Reischauer's time as ambassador was seen as a success, and he stayed in the role until 1966, continuing on under the administration of Lyndon B. Johnson. However, his time as ambassador ended on two notes of tragedy. Toward the end of his ambassadorship, Reischauer increasingly had to defend the US war in Vietnam, and increasingly felt uncomfortable doing so, ultimately leading to his resignation. In addition, Reischauer was hospitalized in March 1964 after being stabbed by Shiotani Norikazu, a Japanese youth, in an apparent assassination attempt. Shiotani had a history of mental illness and had Ménière's disease, a disorder of the inner ear. He felt that he had not been properly treated by the American occupation and wished to draw attention to this cause by assassinating Reischauer. The attacker apparently acted alone and had no connection to any group. In the aftermath of the violence, Japan's Minister of Public Safety was compelled to resign. Reischauer received a blood transfusion and recovered from his wound, but the transfusion he received in the hospital was tainted with hepatitis C virus, which would lead to a variety of ailments for Reischauer in future years, and ultimately contribute to his death 26 years later.

==Personal life==
Reischauer married (Elinor) Adrienne Danton in Tokyo on July 5, 1935. They had three children together. She died in 1955 of a heart ailment. Author James A. Michener introduced the widower to Haru Matsukata at the Foreign Correspondents Club in Tokyo in 1955. They married on January 16, 1956. They learned that, as teenagers, they had attended the same Tokyo high school. Haru confessed to having had a secret crush on him. Together they became a formidable team. They jointly designed their house in Belmont, Massachusetts. It is operated and used today as the Edwin O. Reischauer Memorial House.

==Later life==
In 1973, Reischauer was the founding Director of the Japan Institute at Harvard University. It was renamed the Edwin O. Reischauer Institute of Japanese Studies in his honor when he turned 75, in 1985.
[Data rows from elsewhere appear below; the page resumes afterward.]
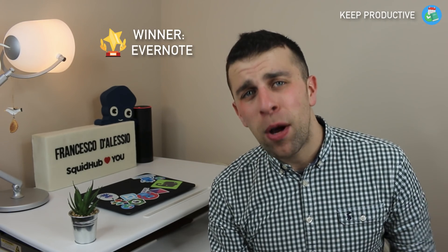Best note-taking application of 2017 went to Evernote — it trumped everyone else with Bear coming in a close second, which was pretty impressive, and OneNote following that group. Best Chrome extension was quite a tight one between Grammarly and Evernote, but the winner was Evernote's Web Clipper.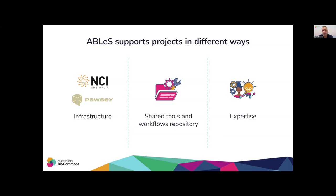The ABLES team, NCI, and Pawsey Help Desk support the ABLES community, starting from allocation management to tools and workflow development and deployment on the infrastructure, especially when there is a need from multiple communities for these resources.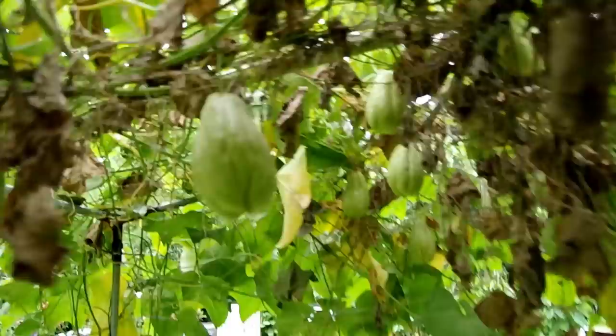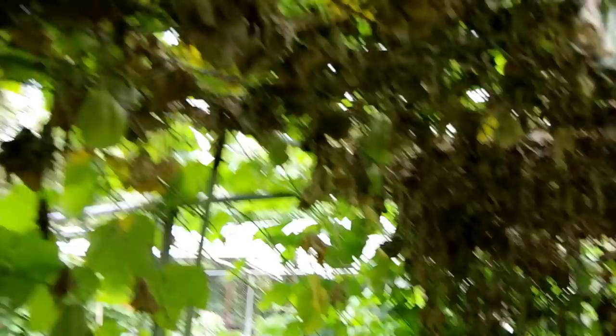I'd like to point out that everything you see here is from one plant coming up over there — in aquaponics. So that plant comes up, spreads itself across, and gives me this much fruit.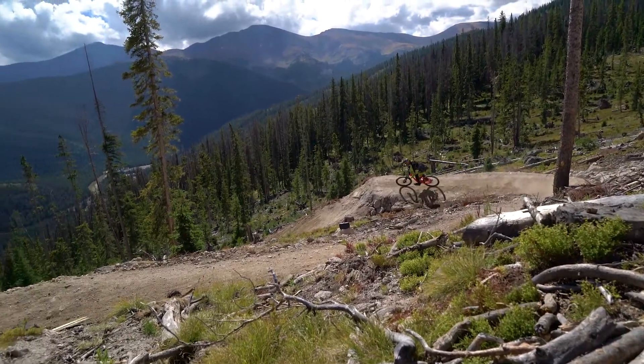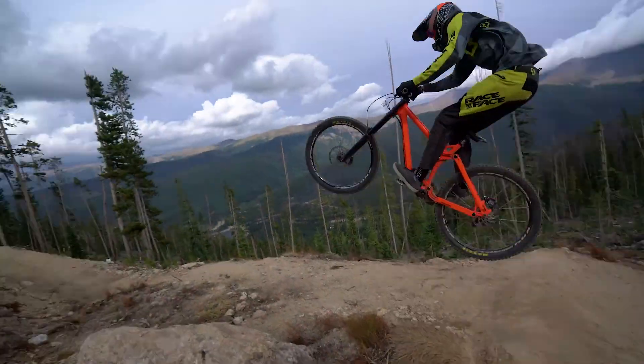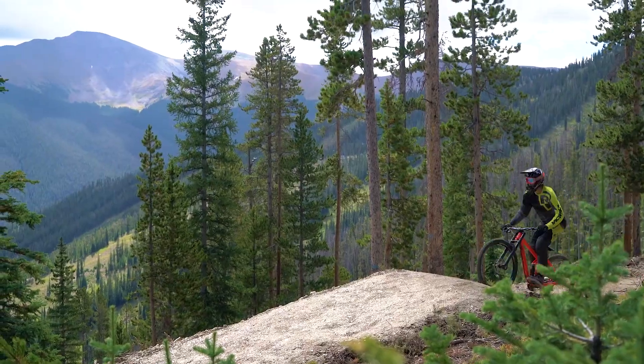Good morning everyone, Devin Kearns here standing on our new Upper Boulevard reroute. It looks smooth to the eye right now but we definitely got some rocks buried into this thing. It's gonna be interesting to watch it mature over the next couple seasons.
Reischauer was also honored in 1985 by the opening of the Edwin O. Reischauer Center for East Asian Studies at the Paul H. Nitze School of Advanced International Studies (SAIS), part of Johns Hopkins University. Speaking at the dedication ceremonies in Baltimore, Senator Jay Rockefeller, one of Reischauer's former students, described Reischauer as being "what a teacher is meant to be, one who can change the life of his students." At the same event, Japan's ambassador, Nabuo Matsunaga, read a personal message from Prime Minister Yasuhiro Nakasone: "I know of no other man who has so thoroughly understood Japan."

==Illness and death==
For the last decade of his life, Reischauer was afflicted by a variety of ailments and illnesses related to the hepatitis infection he had contracted from tainted blood following the attempt on his life while serving as US Ambassador to Japan. As a result of these ailments, Reischauer had to withdraw from active teaching and lecturing. Finally, in 1990, Reischauer succumbed to complications of hepatitis C.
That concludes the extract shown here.